▸ **Problem details**:
Retyping the entire listing exactly is the task.

== Data block

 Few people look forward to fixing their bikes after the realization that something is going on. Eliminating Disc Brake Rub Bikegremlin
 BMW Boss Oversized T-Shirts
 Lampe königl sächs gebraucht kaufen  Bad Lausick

====

▸ **Response below**:
 Few people look forward to fixing their bikes after the realization that something is going on. Eliminating Disc Brake Rub Bikegremlin
 BMW Boss Oversized T-Shirts
 Lampe königl sächs gebraucht kaufen  Bad Lausick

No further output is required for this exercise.